Extract the stretch of lines that starts at the line with "Cavill - Zilveren" and ends at the last line of the data below. Give it exactly, without pictures.

Data section:
________________
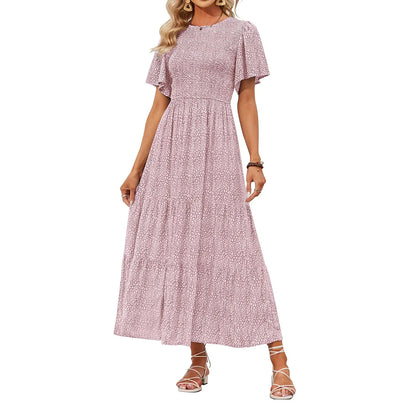 Floral Print Short Flutter Sleeve Crew Neck High Waist Flowy Maxi Dress
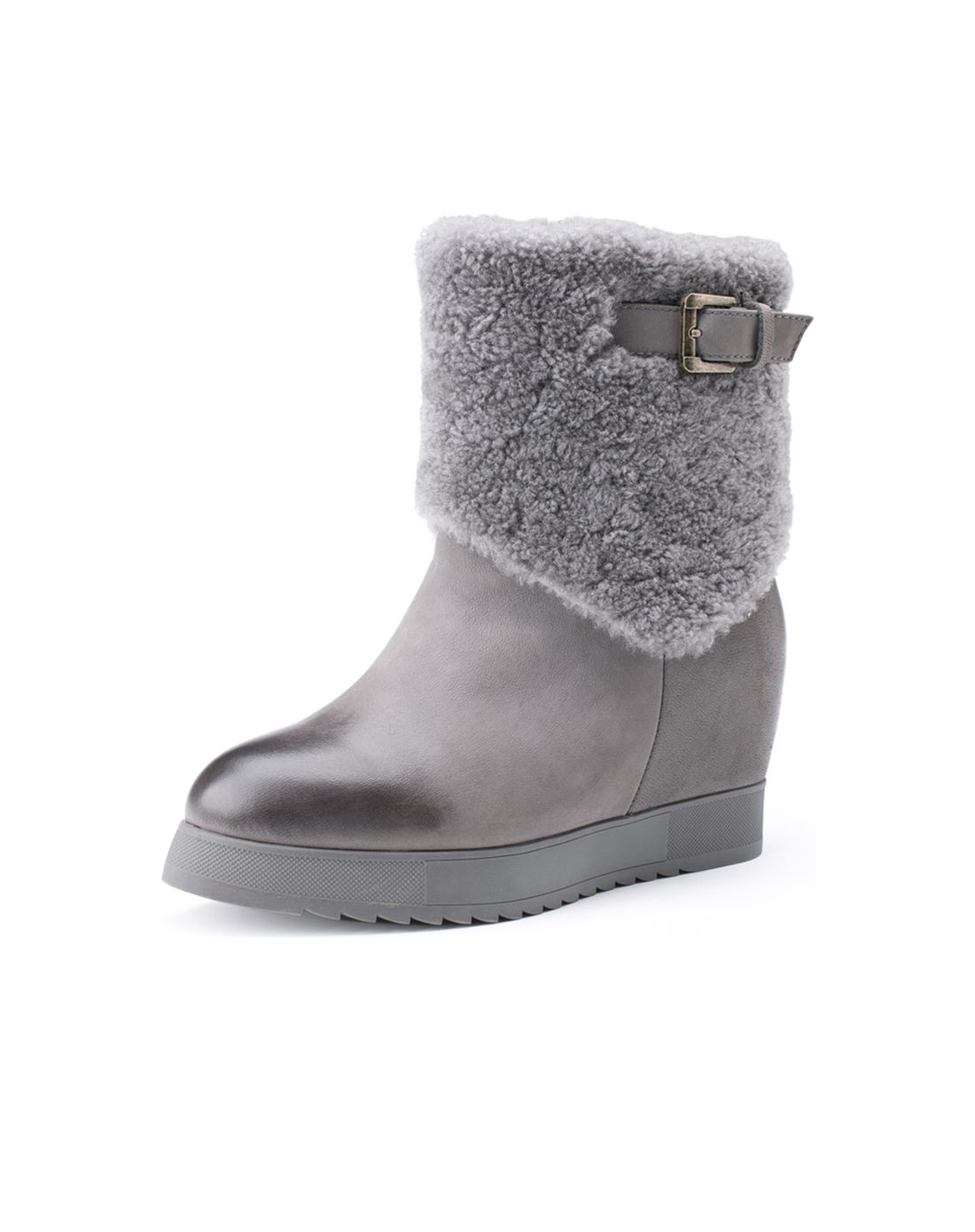 女款灰色牛反绒复古时尚内增高短靴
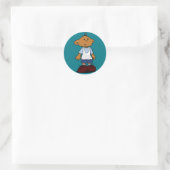 Korte slaapkamer ronde sticker (Tas)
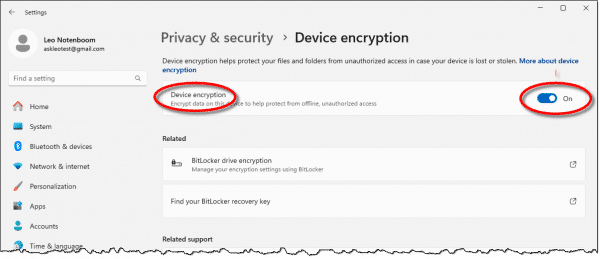 Device Encryption is on.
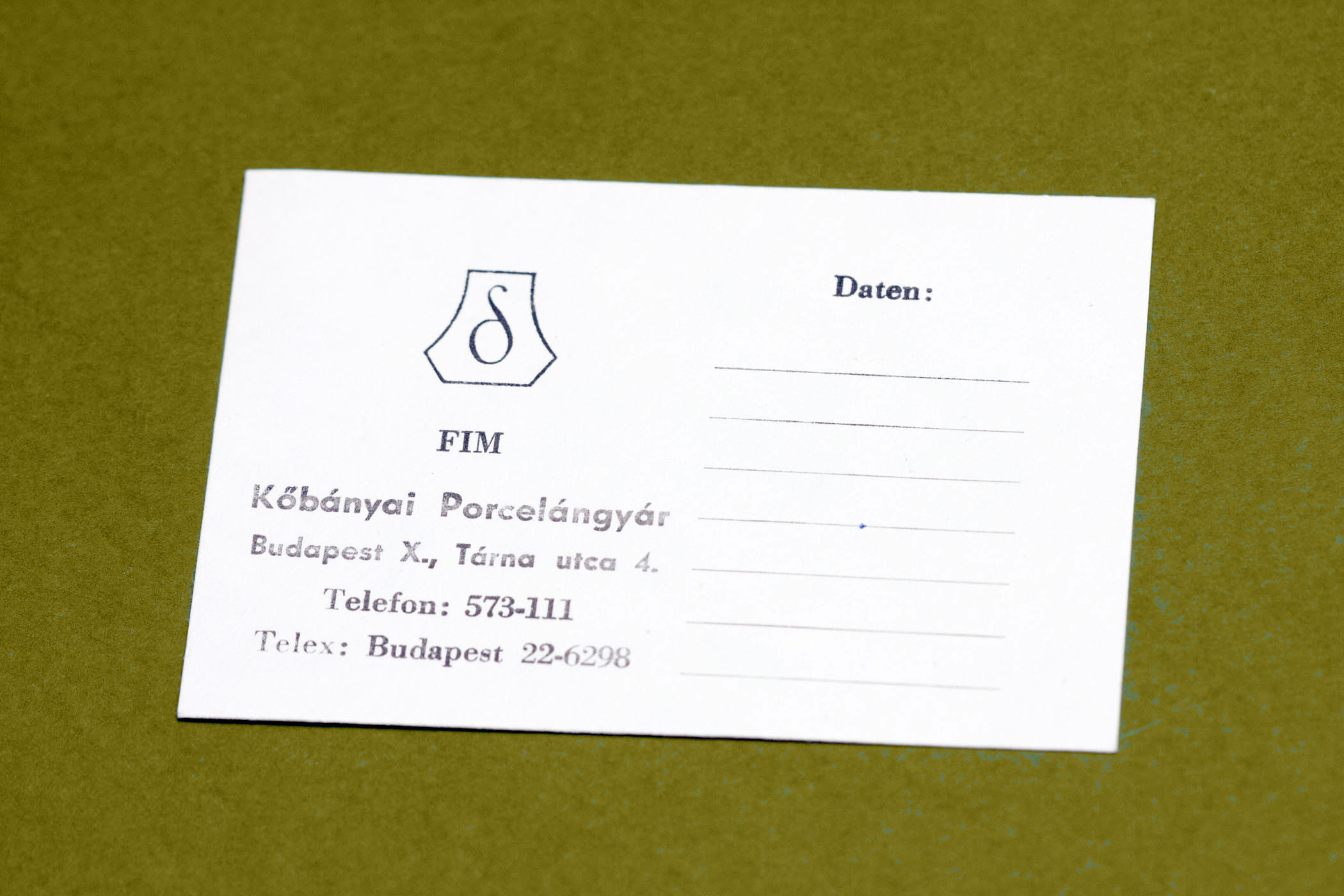 FIM Kőbányai Porcelángyár árúazonosító kártya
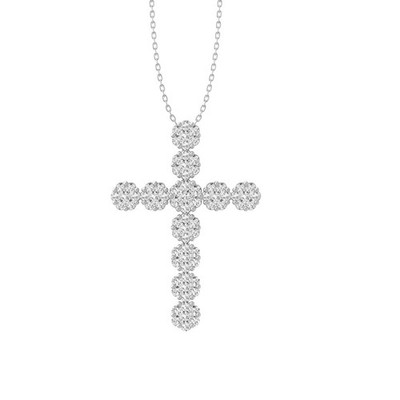 0.75Ct Lab Grown Diamond 10K White Gold Cross Necklace 18'' Silver Cable Chain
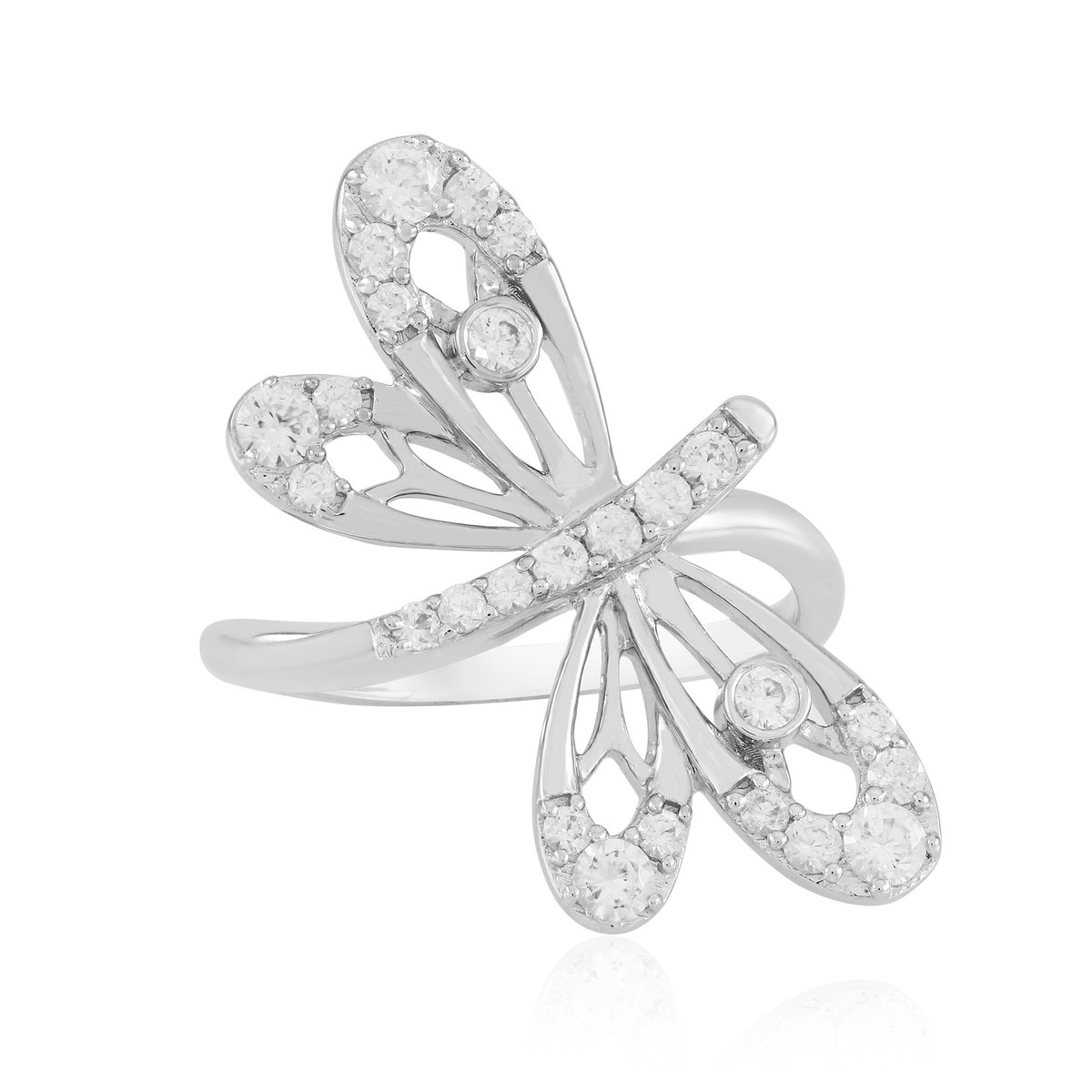 Cavill - Zilveren ring met 0,934ct Cambodjaanse zirkonia - 925 sterlingzilver met platinacoating - Elegant libelmotief - Moderne damesring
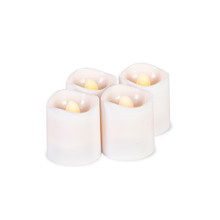 12 Sets of 4 Plastic Wavy Edge LED Votives with Remote - 48 Pieces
________________
Problem solution:
 Cavill - Zilveren ring met 0,934ct Cambodjaanse zirkonia - 925 sterlingzilver met platinacoating - Elegant libelmotief - Moderne damesring
 12 Sets of 4 Plastic Wavy Edge LED Votives with Remote - 48 Pieces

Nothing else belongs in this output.